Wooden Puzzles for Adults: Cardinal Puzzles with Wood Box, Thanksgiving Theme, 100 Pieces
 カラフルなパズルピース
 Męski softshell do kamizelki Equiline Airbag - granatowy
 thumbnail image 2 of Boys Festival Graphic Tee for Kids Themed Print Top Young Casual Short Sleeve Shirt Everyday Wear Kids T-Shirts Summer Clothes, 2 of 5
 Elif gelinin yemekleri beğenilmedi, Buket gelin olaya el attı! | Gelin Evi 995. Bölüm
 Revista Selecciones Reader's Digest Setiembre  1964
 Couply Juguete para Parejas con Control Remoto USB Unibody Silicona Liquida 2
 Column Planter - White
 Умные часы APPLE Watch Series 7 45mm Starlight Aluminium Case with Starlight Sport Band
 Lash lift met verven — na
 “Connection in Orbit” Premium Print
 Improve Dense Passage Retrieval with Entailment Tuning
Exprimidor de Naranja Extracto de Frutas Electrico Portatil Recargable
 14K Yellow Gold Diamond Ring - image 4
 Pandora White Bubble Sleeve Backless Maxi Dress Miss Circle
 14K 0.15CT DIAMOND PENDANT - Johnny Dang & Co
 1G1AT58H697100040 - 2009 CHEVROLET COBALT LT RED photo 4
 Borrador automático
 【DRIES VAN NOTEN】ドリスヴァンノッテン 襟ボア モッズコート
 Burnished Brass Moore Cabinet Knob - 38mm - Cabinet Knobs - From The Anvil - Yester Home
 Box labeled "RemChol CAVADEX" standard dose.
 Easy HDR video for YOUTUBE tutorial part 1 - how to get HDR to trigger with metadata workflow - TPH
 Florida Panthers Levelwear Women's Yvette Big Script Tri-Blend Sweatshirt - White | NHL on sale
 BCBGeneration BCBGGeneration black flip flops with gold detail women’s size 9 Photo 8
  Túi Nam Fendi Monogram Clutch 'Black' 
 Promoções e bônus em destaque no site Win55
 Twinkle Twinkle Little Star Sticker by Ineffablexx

DIRECTIONS FOR THIS TASK: In the material above, find every line that has the string "Print" and pull those lines out.

RESPONSE AREA:
 thumbnail image 2 of Boys Festival Graphic Tee for Kids Themed Print Top Young Casual Short Sleeve Shirt Everyday Wear Kids T-Shirts Summer Clothes, 2 of 5
 “Connection in Orbit” Premium Print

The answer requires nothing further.